Artık söz konusu olan; Öznenin, Öteki üzerinden doyurmaya çalıştığı (bakım veren-bebek ilişkisi formunda olduğu gibi) bir ‘Eksiklik’ değildir. Aksine, beni kendimden çekip aldığı için derin bir şükran hissettiğim ötekine, elim kolum dolu gidişim, ağzımdaki lokmayı ona verişim, yani Fazlalığımdır. Bu pasif bir var olma durumundan, bende fazla olanı Öteki’ne vermeye niyetlendiğim aktif bir Var Olma haline geçiştir. Böylece Ben ve Öteki arasında, meçhul olanın gerilimine tahammül edebilen eşitler arası etik bir ilişki inşa edilebilir.

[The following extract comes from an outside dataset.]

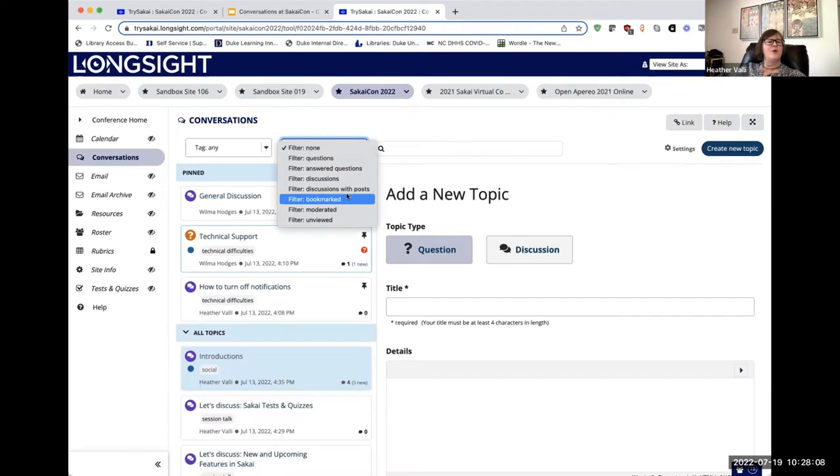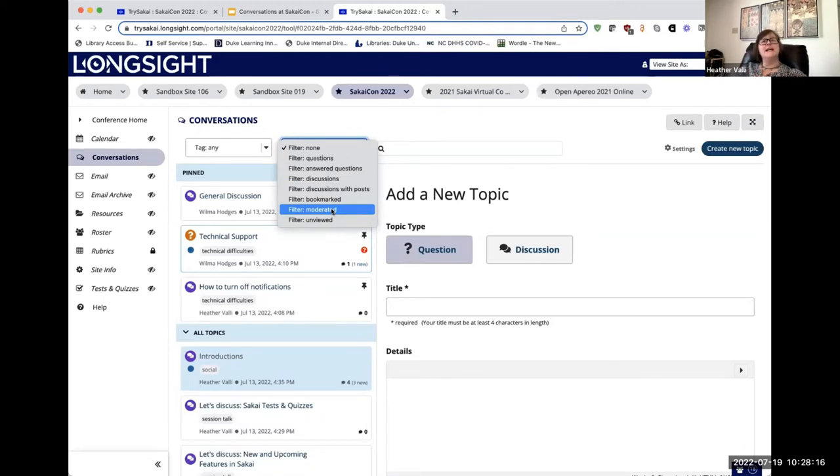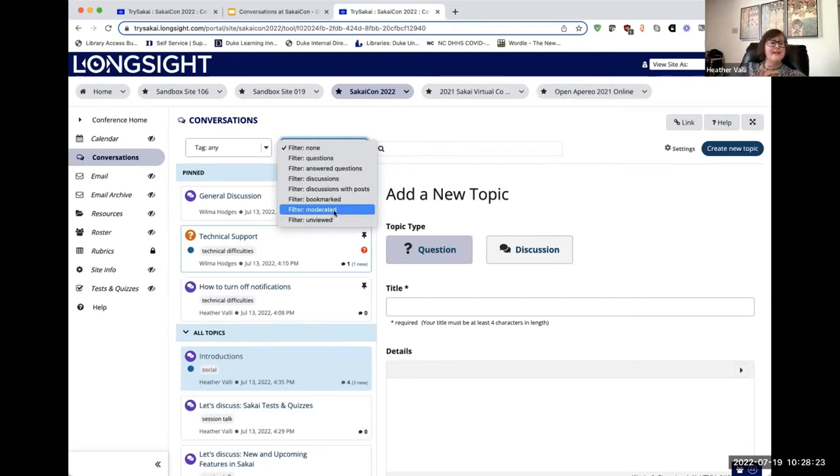You can also look for all the things that have been bookmarked. If you're an instructor who's wondering, where's that thread where I had to stop a few conversations in the tracks, I'll get into how to do that in a few minutes. You can go down to all the moderated things.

Eksikliğin ikamesinden uzaklaşan Varlık, yaşamın ilk dönemlerine ait bencil sevgi örüntülerinin zincirlerini kırar ve fazlalığın paylaşılmasına dayalı etik ve evrensel bir ilişkinin imkanını yakalar. Böylece amacımız artı keyifle dünyadan alacağımızı tahsil etmeye değil, cömertliğimizi sunarak, içsel iyi nesnelerimizin bereketli tatlı su kuyusundan dağıtarak, dünyanın ağrısına karşı birbirini yutmayan bir yarenliğe dönüşür.
Bu anlamda insanın ıstıraplı Varlık serüveni, evrimsel, temsili, toplumsal ve felsefi olanın içinden geçerek Öteki’nde geçici bir yuva bulur. Bu yuva geçicidir, nihai değildir, zira hem Öteki hem de Ben, ölümlü bir varoluş içinde çaresizdir.
Tek başarımız, yaşam karşısında nihai başarısızlığımızı sevgiyle kabul edebilmekse, hasetten sevgiye doğru ilerleyen çizgide, sevginin bencilliğini aşmanın yolu, Öteki ile birlikte var olabilmek, Etik bir imkan için kalbimizi ve zihnimizi diğerine açık tutabilmektir.